**EXERCISE PROMPT:** Leave out the pictures and repeat the entries below verbatim.

Start of Block

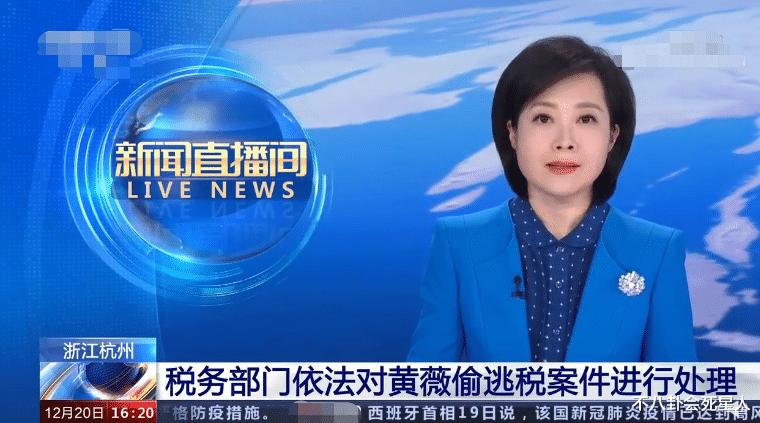 黄磊|形象颠覆！扶贫大使、三八红旗手却逃税被罚13亿，薇娅恐难翻身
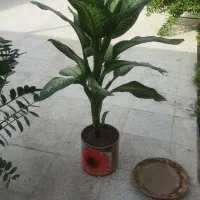 دیفن باخیا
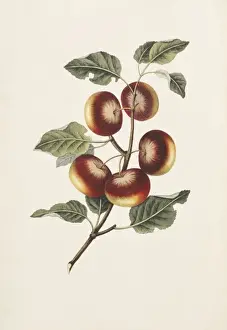 Apple Tree Illustration Prints: Malus communis, apple tree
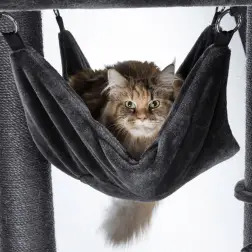 Arranhador "amadeus" P/ Gatos antracite Trixie #2 - 1040061521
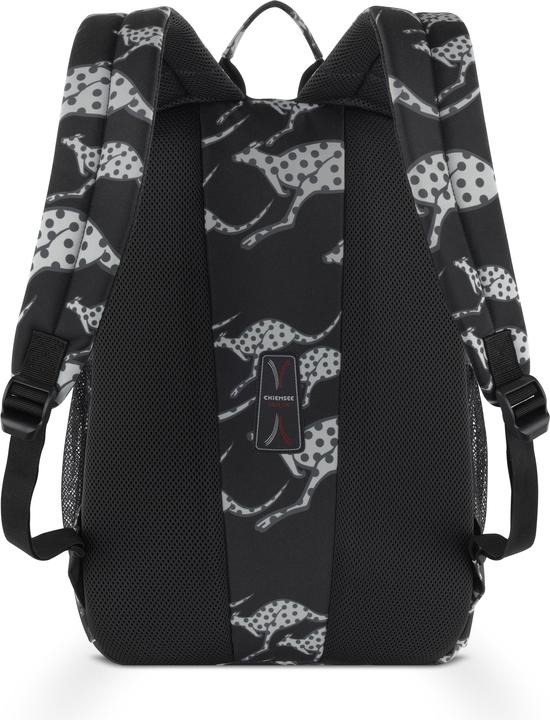 Produktbild Chiemsee Rucksack klein (15 l)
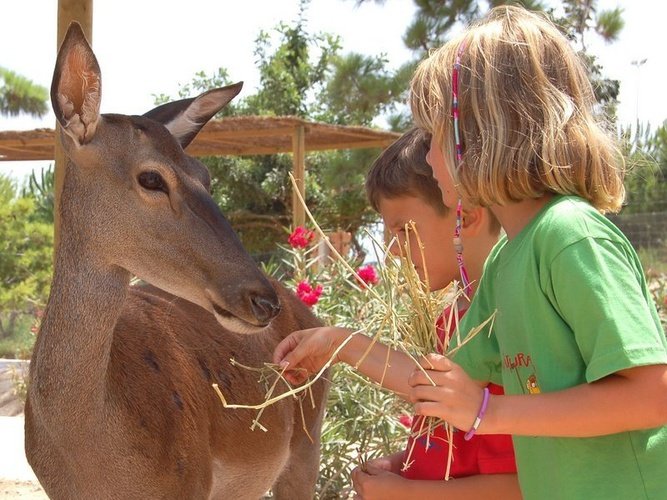 Interacción con animales Magic Natura Animal, Waterpark Resort Benidorm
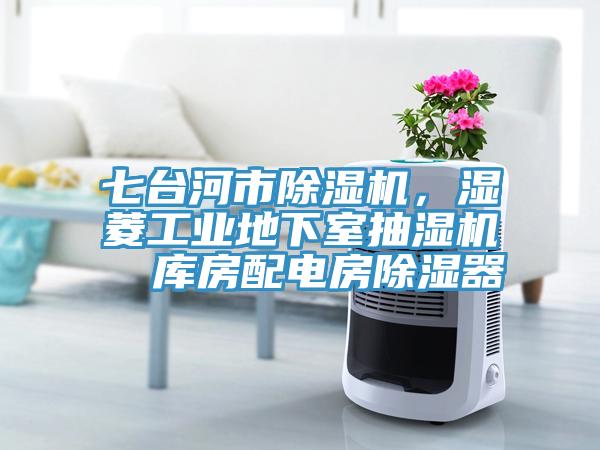 七台河市MR.好色破解版，湿菱工业地下室抽湿机  库房配电房除湿器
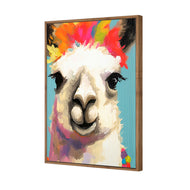 Llama Fiesta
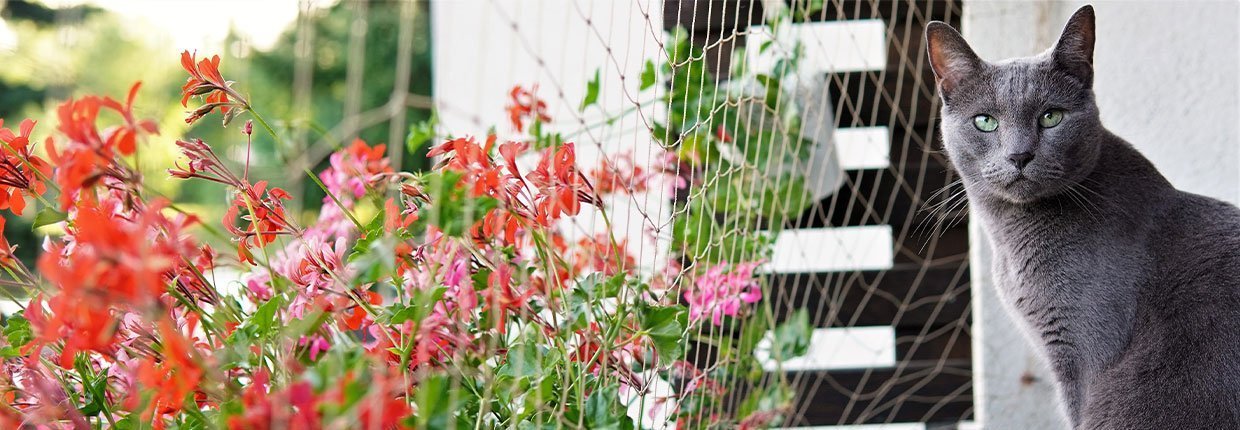 Balkon katzensicher machen: Tipps für eine Katzen-Oase im Freien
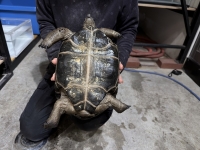 クリックで拡大画像表示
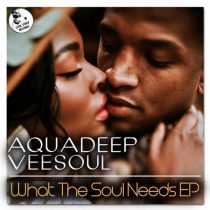 Veesoul, Aquadeep, Craig – What The Soul Needs EP (feat. Craig)
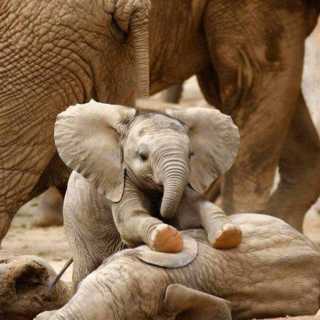 Keoabetswe-Kb Moeng photo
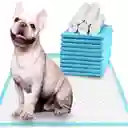 Tapete Entrenador Absorbente Baño Perro Gato Mascotas X100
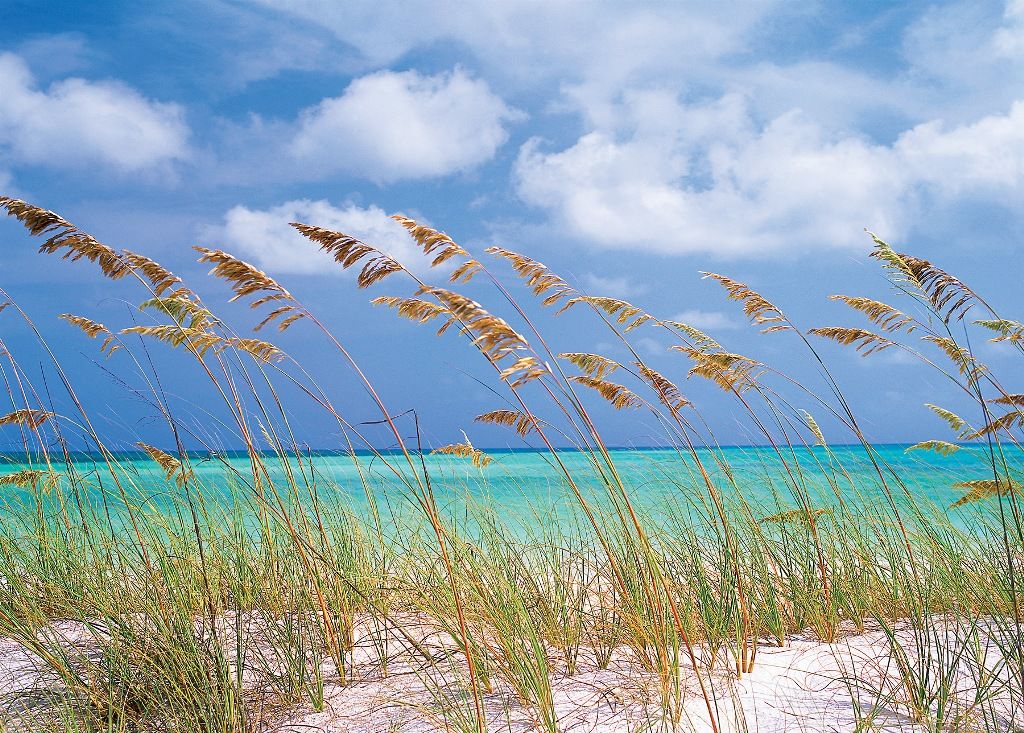 Nat Geo Ocean Breeze Sand Beach Wallpaper Photo Mural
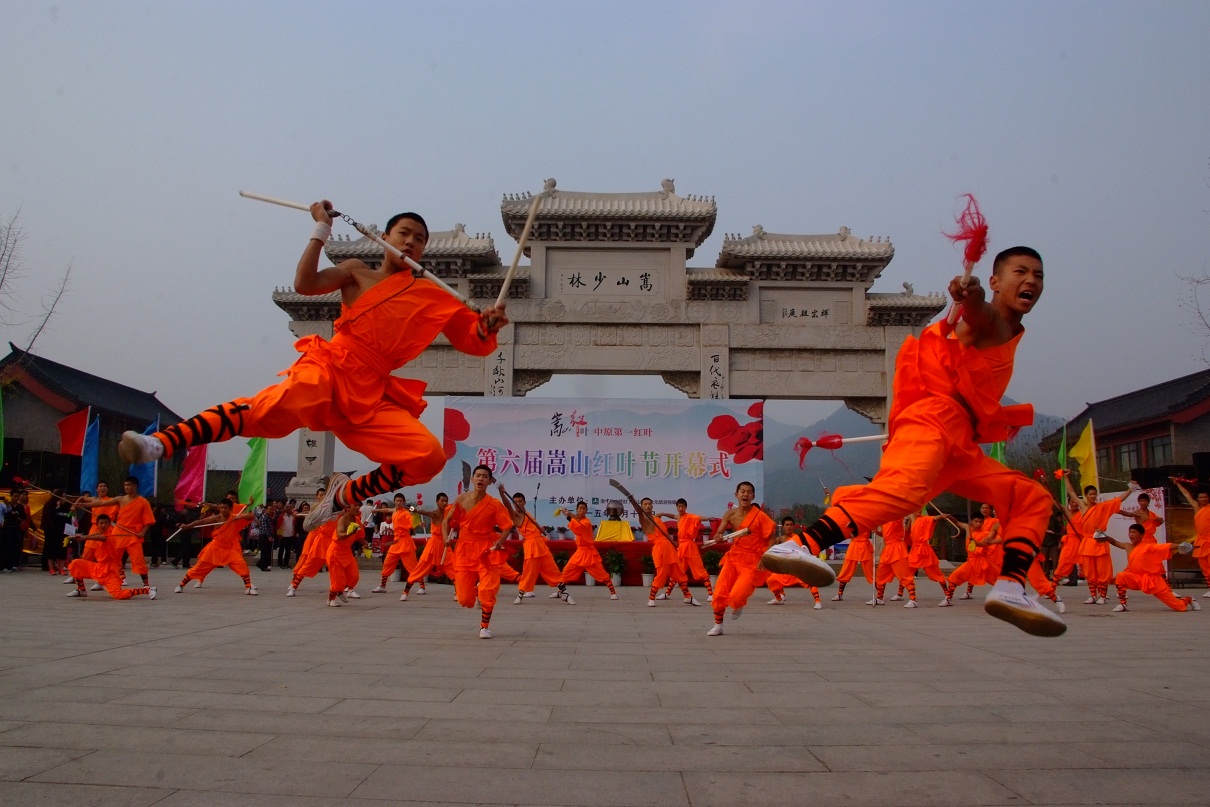 1496826399432849.jpg 2015hongyejie03.JPG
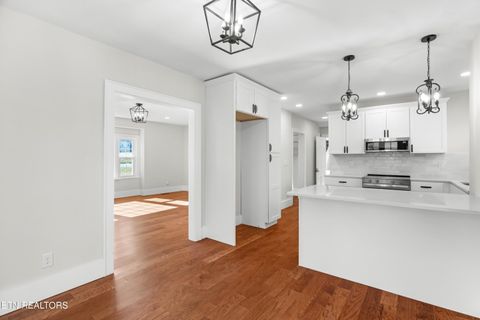 Tiny photo for 814 E Jefferson St, Jefferson City, TN 37760 (MLS # 1324321)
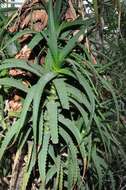 Image of aloe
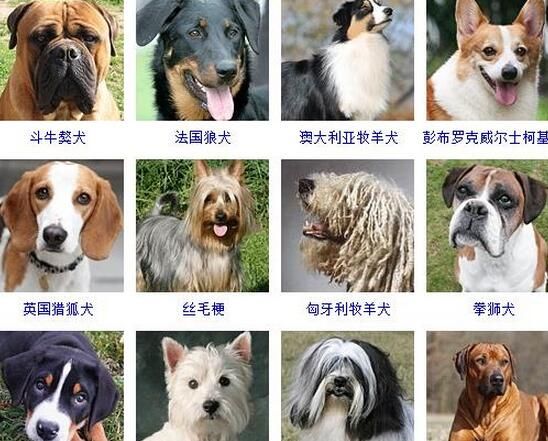 宠物名字大全推荐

End of Block

**OUTPUT OF THE TASK:**
 黄磊|形象颠覆！扶贫大使、三八红旗手却逃税被罚13亿，薇娅恐难翻身
 دیفن باخیا
 Apple Tree Illustration Prints: Malus communis, apple tree
 Arranhador "amadeus" P/ Gatos antracite Trixie #2 - 1040061521
 Produktbild Chiemsee Rucksack klein (15 l)
 Interacción con animales Magic Natura Animal, Waterpark Resort Benidorm
 七台河市MR.好色破解版，湿菱工业地下室抽湿机  库房配电房除湿器
 Llama Fiesta
 Balkon katzensicher machen: Tipps für eine Katzen-Oase im Freien
 クリックで拡大画像表示
 Veesoul, Aquadeep, Craig – What The Soul Needs EP (feat. Craig)
 Keoabetswe-Kb Moeng photo
 Tapete Entrenador Absorbente Baño Perro Gato Mascotas X100
 Nat Geo Ocean Breeze Sand Beach Wallpaper Photo Mural
 1496826399432849.jpg 2015hongyejie03.JPG
 Tiny photo for 814 E Jefferson St, Jefferson City, TN 37760 (MLS # 1324321)
 Image of aloe
 宠物名字大全推荐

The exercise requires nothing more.